Daniel Dennett, in Facing Backwards on the Problem of Consciousness, opposes Chalmers’ strategy of ‘divide and conquer’-the proposal that explanatory problems of consciousness can be divided into categories of easy and hard-on the basis that the strategy is misguided and empirically distractive. The main thrust of Dennett’s argument is motivated by a certain kind of analogy he makes (the kind of analogy is presented in two examples, but I will focus mainly on the example of the vitalist here since they share a common and essential thread).  In particular, Dennett attempts to show that Chalmers’ position is analogous in its defectiveness to the following sort of claim: x is a hard problem for discipline y because the functional breakdown of x does not necessarily explain x itself.  Dennett charges Chalmers with the “[need] to defend his claim that his counterpart is not a conceptual mistake as well.”  Finally, Dennett maintains that in fact the hard problem of consciousness, accounting for the experience of consciousness and/or the qualia one experiences in consciousness, is wholly accounted for via recourse to the functions associated with consciousness explicated by cognitive theories.  “If you carefully dissociate all these remarkable functions from consciousness—in your own, first person case—there is nothing left for you to wonder about.” (Dennett, 5)

In what follows, I will argue both that (a) the sort of analogy Dennett has in mind falls prey or at least is possibly susceptible to Kuhnian-type criticisms and (b) on a conceptual level, Chalmers’ introduction of the hard problem is not without justification; the conceivability argument against a materialist identity theory is at least partially predicated on the empirical possibility of spectrum-inversion.  This possibility is what Chalmers later uses to develop his argument from conceivability against materialist frameworks of mind, but all that requires discussion here is the conceptual possibility of spectrum-inversion within theories of cognitive science.

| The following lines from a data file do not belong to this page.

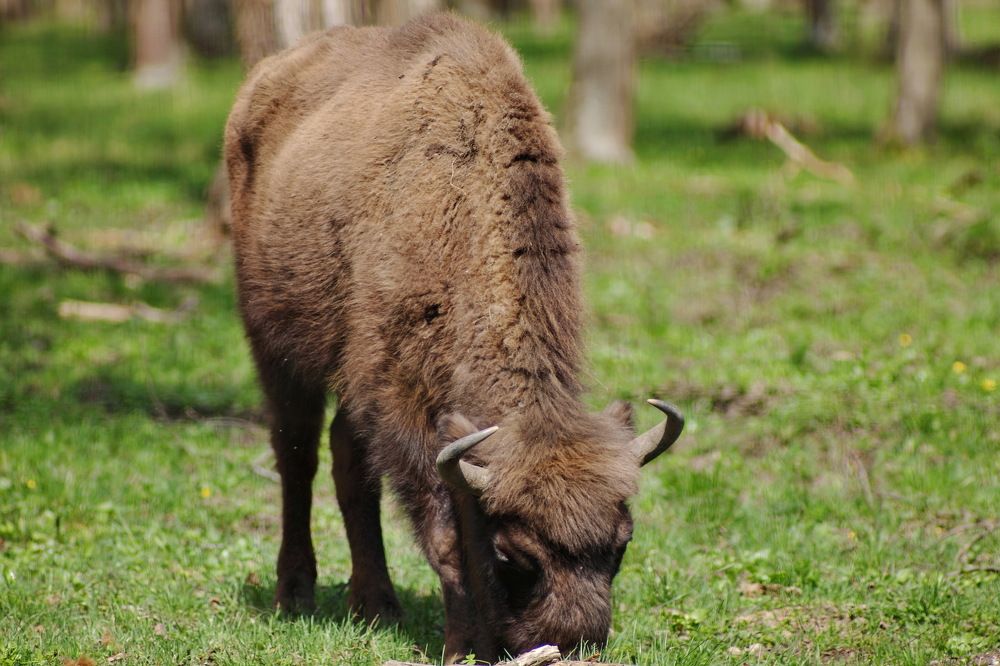 Photograph by Константин Лагоденко
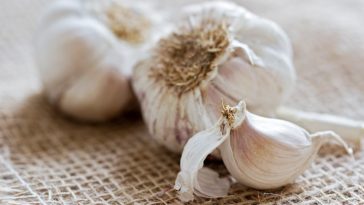 Why is garlic bad for IBS?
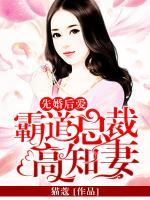 先婚后愛：霸道總裁高知妻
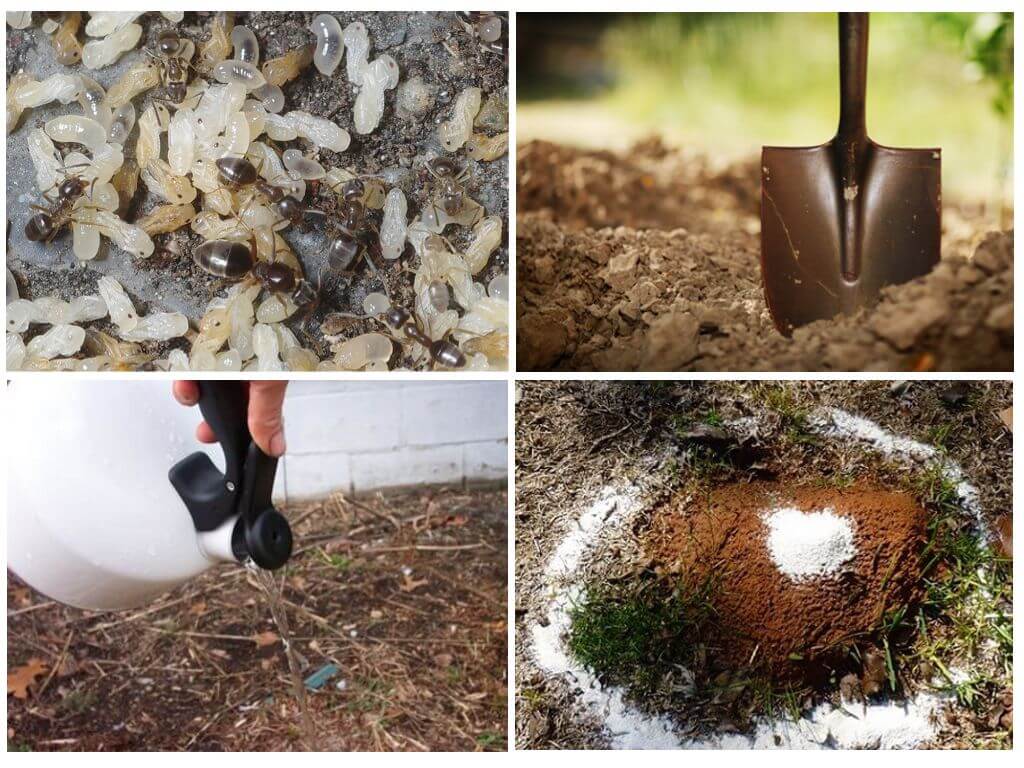 Как проходит борьба с муравьями на садовом участке: 4 совета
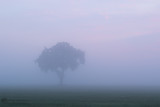 Misty Sunrise / Mistige zonsopkomst
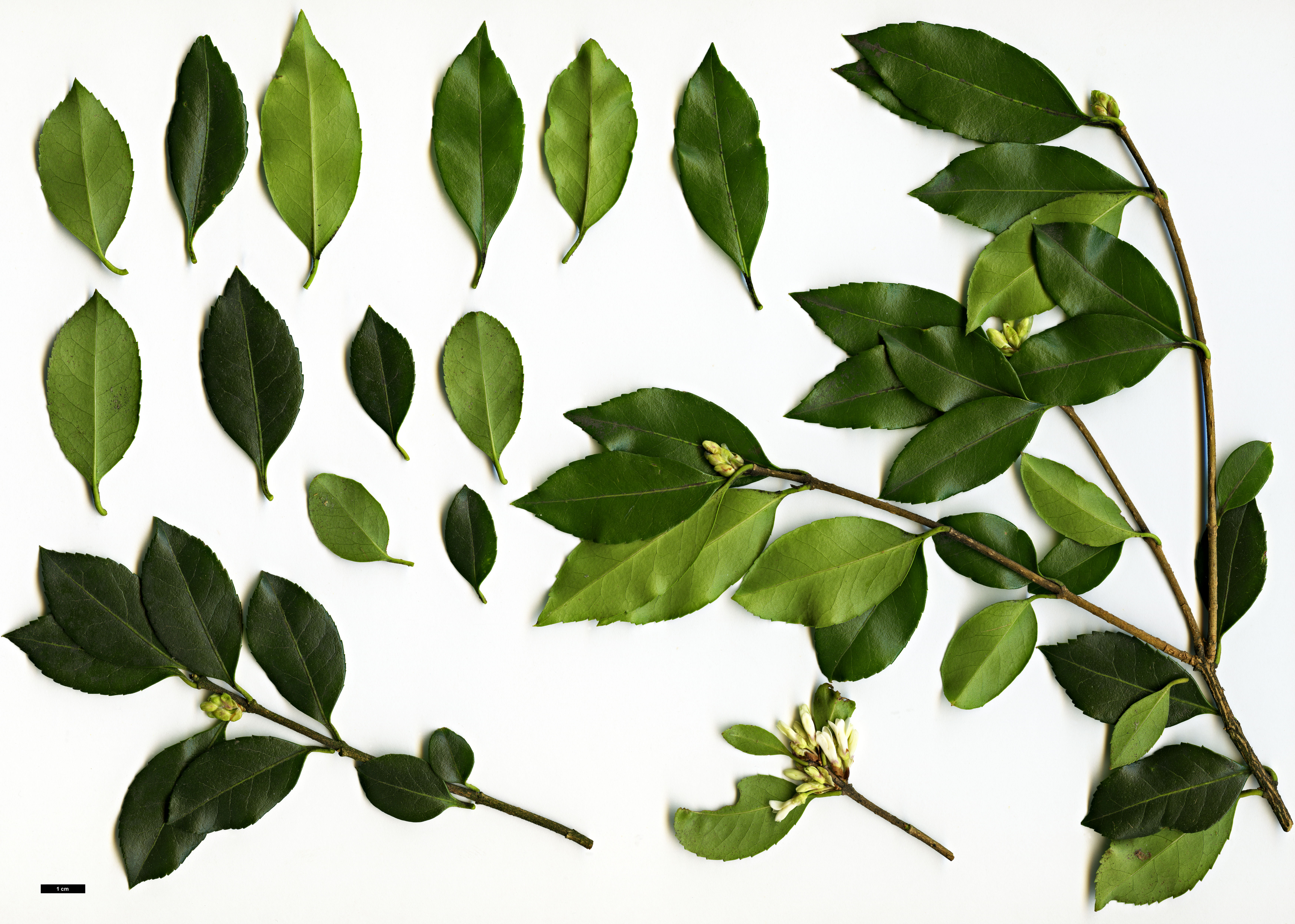 High resolution image: Family: Oleaceae - Genus: Osmanthus - Taxon: delavayi × O.suavis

It shows that, on a conceptual level, the concepts do little to explain certain instances of seeing such and such.  I will first represent the major points of Dennett’s thesis and the sort of analogy they rely on.  I will then expose those points to a Kuhnian perspective of the philosophy of science.  Lastly, I will show that because theories of cognitive science allow for spectrum-inversion, Dennett’s claim that there is a relation of identity between the functional components of conscious states and consciousness itself may not be completely justified. 

            Dennett attempts to typify the problematic kind of proposal Chalmers makes via an analogy between, on the one hand, the hard problem of consciousness and explanations of the cognitive/functional components of consciousness, and on the other hand, the relation of the hard problem of life and the biological explanation of the processes necessary for it.  Dennett attributes the creation of “artifactual” (Dennett, 4) problems to the position typified by the vitalist position (a position which attempts, in all cases, to separate hard problems of being x itself from the easy problems of empirically breaking down x into functional components). The hypothetical vitalist is “…somehow under the impression that being alive is something over and above all these subsidiary component phenomena [including reproduction, development, growth, metabolism, et cetera].” (Dennett, 4)  Essentially, Dennett’s analogy is motivated by the claim that in each case, there really is nothing, or rather any real mystery, over and above the breakdown of the problem into the functional components explained by each respective branch of science.  To insist that there is something else going is to “misdescribe what is going on.” (Dennet, 4) 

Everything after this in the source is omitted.